The general nature of each of these utterances or commandments left the rabbis of the Talmud and subsequent generations of commentators with plenty of material to unpack, define, discuss, and argue about. All of the laws of Sabbath observance are derived from the simple statement in Exodus 20:8-10, by means of painstaking discussions in the Talmud. The rabbis whose oral discussions are captured by the Talmud fully understood that they were creating a new framework for how the seventh day was to be observed. Although they used the commandment “Remember the Sabbath day to keep it holy” (Exodus 20:8-10), they knew that their construction of the Sabbath laws was related to the Torah verses as “…mountains hanging by a hair, for they have scant scriptural basis but many laws…” (Chagigah 10a).
Leaving the Decalogue (another name for the Ten Commandments) for a moment, I want to focus on a section of the parasha that I think is equally compelling as the well-known list of laws, and that is the system of organization recommended by a non-Israelite leader, the man known as Yitro (or Jethro), the father-in-law of Moshe/Moses. In fact, the parasha is named after this priest of Midian, who is not only a good listener, but also a man astute in the ways of constructing a viable society. Some call him the first person to apply the rules of organizational development to a group of people who could be regarded as a motley crew of newly liberated slaves.

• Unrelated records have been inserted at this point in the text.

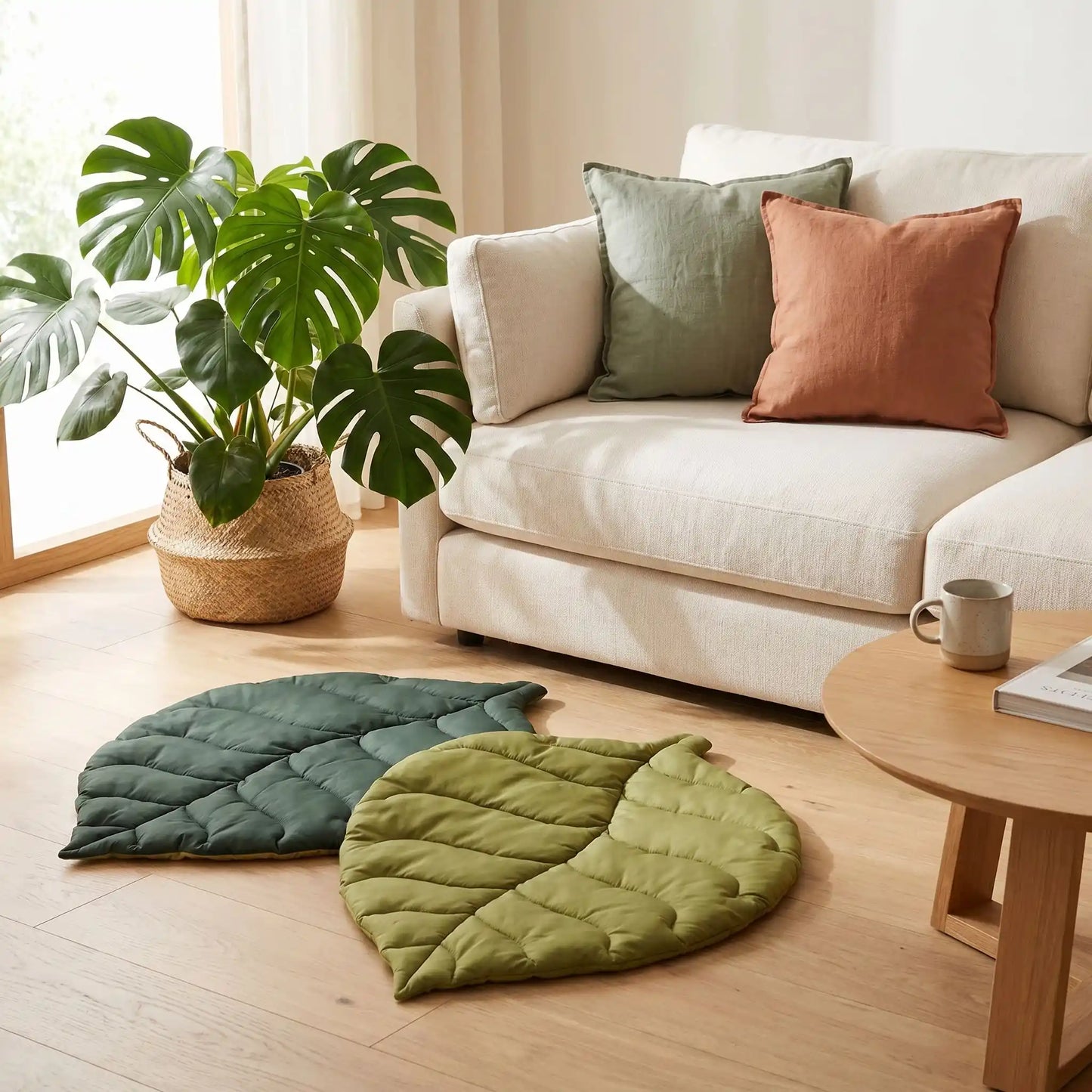 Tapis-pour-chien-chiot-design en forme de feuille, 100% coton réversible et rembourrage coton haute densité, coloris vert foncé et vert clair sur l'autre face, coutures solides et finitions soignées pour un couchage chien décoratif et polyvalent, léger transportable, coussin douillet pour chiot et chien de petite taille de 0 à 10 kilos- gros plan sur le tapis en forme de feuille d'orme réversible vert bicolore (clair et foncé) pour chiot et chien dans le salon de l'appartement 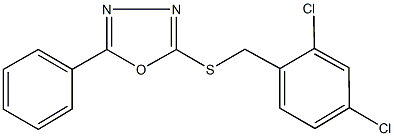 2-[(2,4-dichlorobenzyl)sulfanyl]-5-phenyl-1,3,4-oxadiazole 化学構造式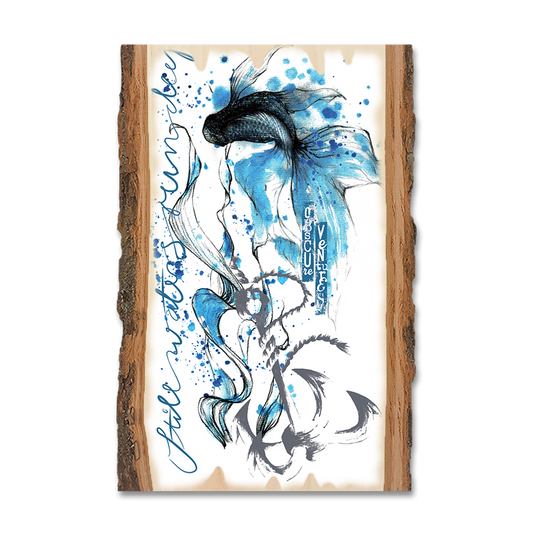 Magnet: Live Edge - Colorful Blue Fish
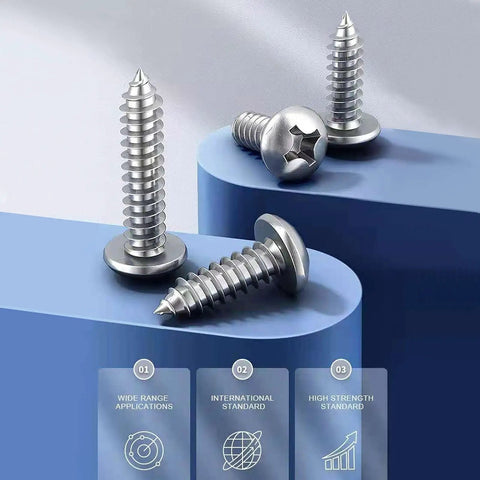 Pro Grade Number 6 X 1/2 Inch 304 Stainless Steel Wood Screws 100 Pack Pan Head Fasteners on a blue surface.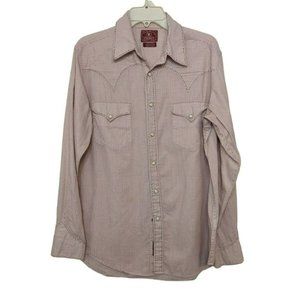 Lucky Brand Dungarees Womens Medium Pearl Snap Long Sleeve Red Check Western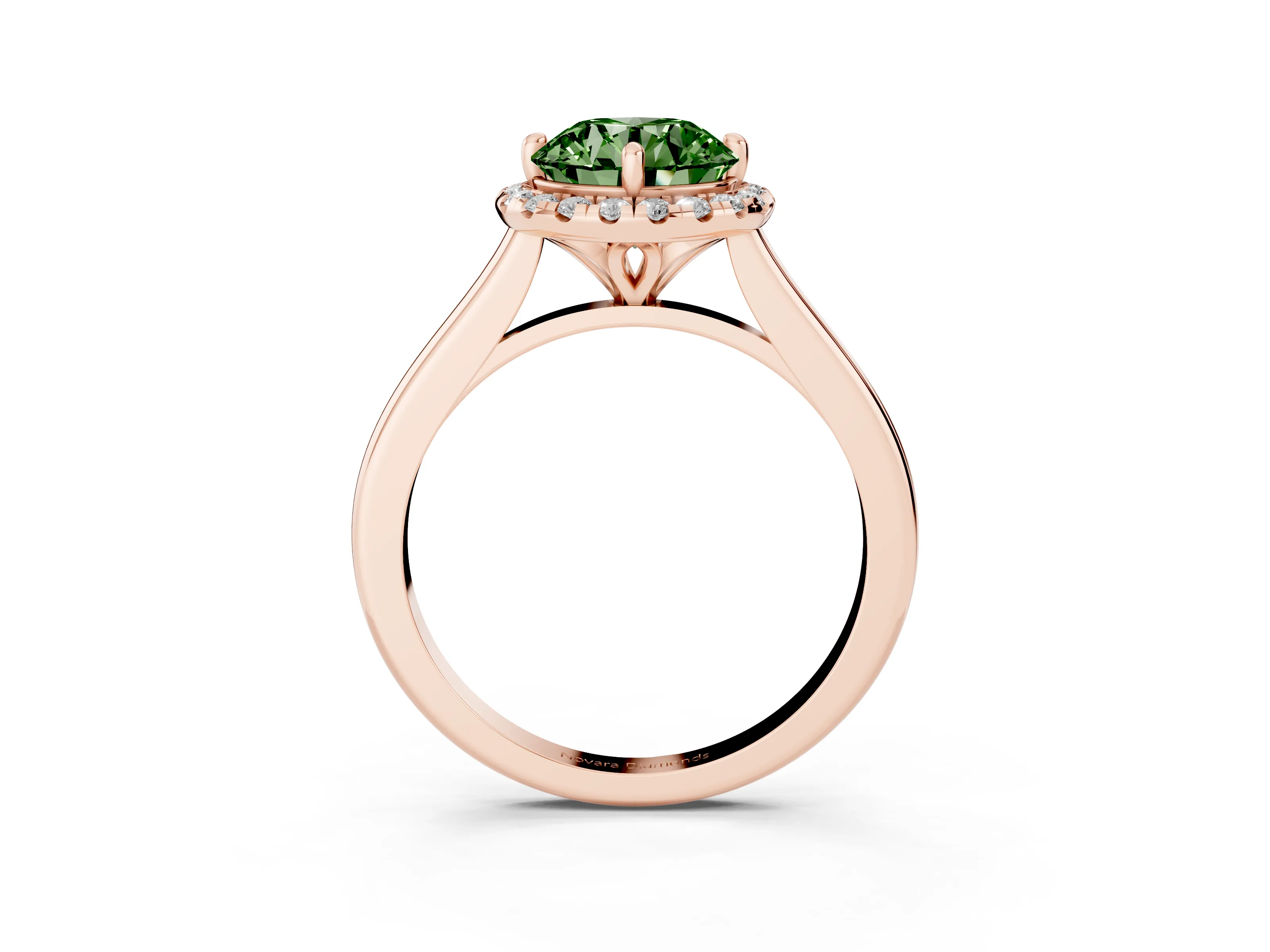 Fancy Green Round Cut Diamond Halo Engagement Ring Set in Rose gold with Pavé Band and Rising Shoulders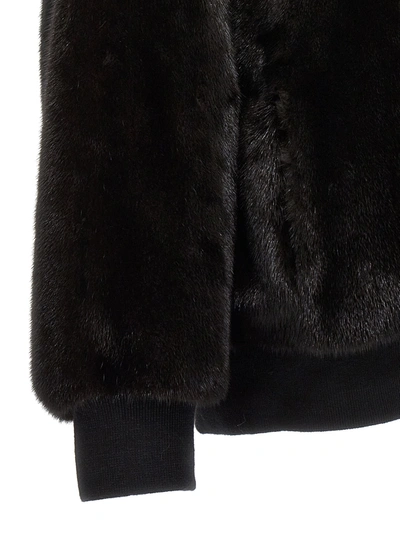 Shop Blancha Mink-nylon Duvet Fur Black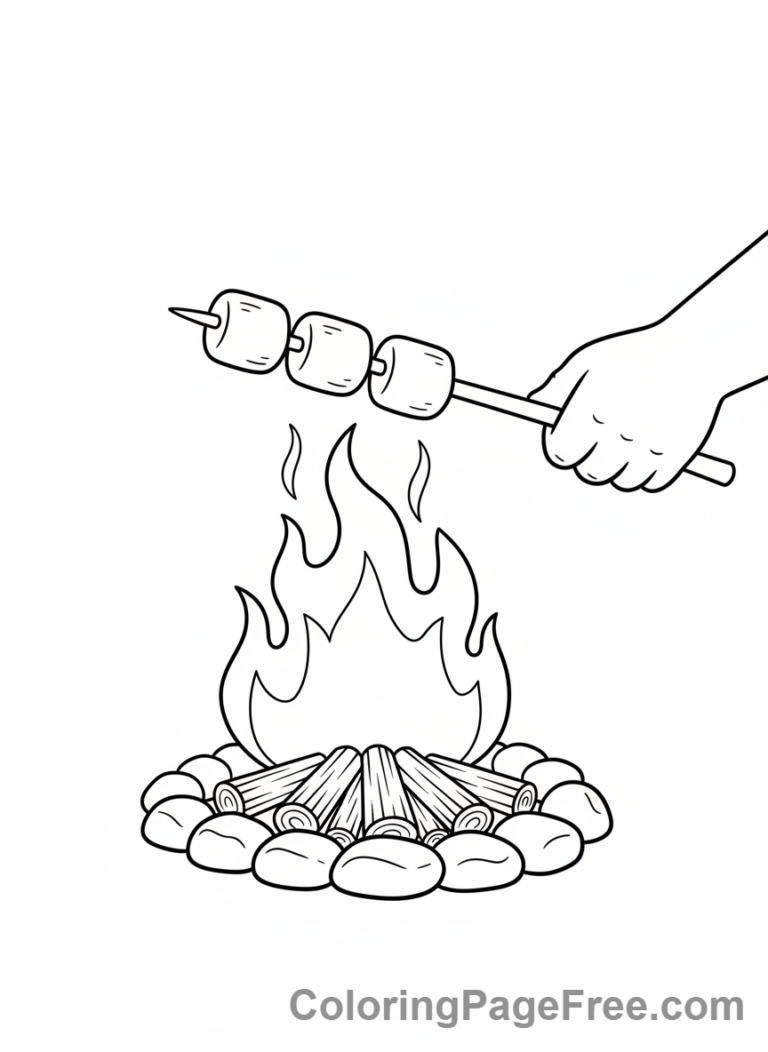 Camping coloring page - Marshmallow Campfire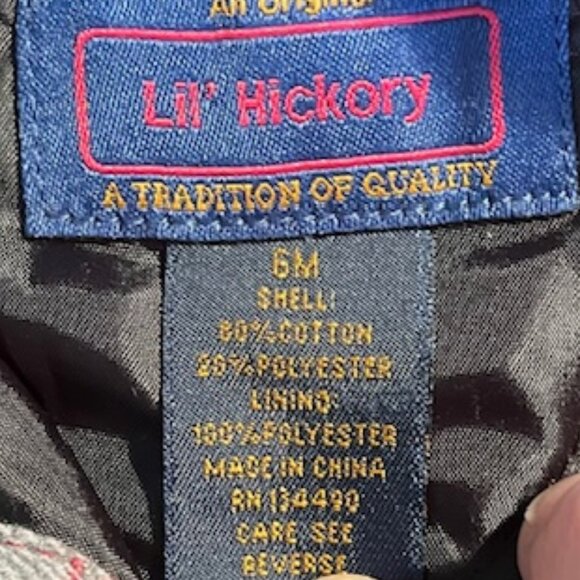 Lil Hickory Burgundy & Black Plaid Shirt with Quilted Lining- Size 6 M - Picture 7 of 8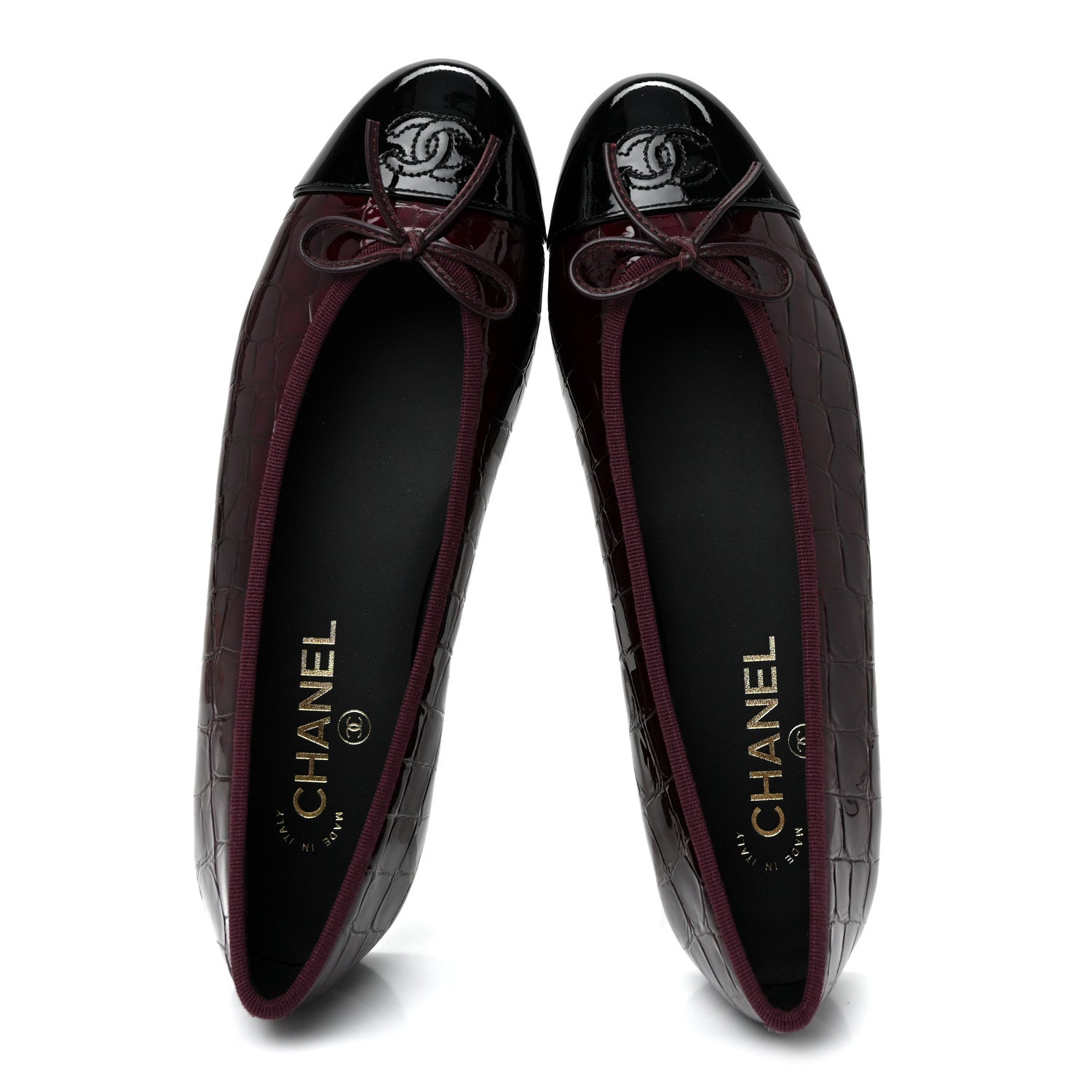 Chanel Patent Calfskin Crocodile Embossed Cap Toe CC Ballerina Flats 39.5 Dark Burgundy Black 5 of 8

In chapter 18, Yitro helps Moshe figure out how to set up a system of accountability and organization so that this rag-tag multitude can begin to resemble a society that can survive together in a sustainable way. This removes a tremendous burden from the shoulders of Moshe and allows him to lead his people to their promised land. You can read the conclusion of this whole episode in chapter 18:24-27.
How absolutely wonderful for this Midianite Priest, Yitro, to observe, diagnose, and remediate a problem that plagues many organizations, even today. And how wonderful for his son-in-law, Moshe, to take the advice of his perspicacious father-in-law to heart and to re-organize the Israelites into a viable structure for daily life. Now the tribes of Israel have both the laws by which to lead their lives (the Ten Commandments) and they have adopted a system of hearing complaints and adjudicating arguments, maybe they are ready to hear more (from God) about how to go about building a life of meaning. What do you think?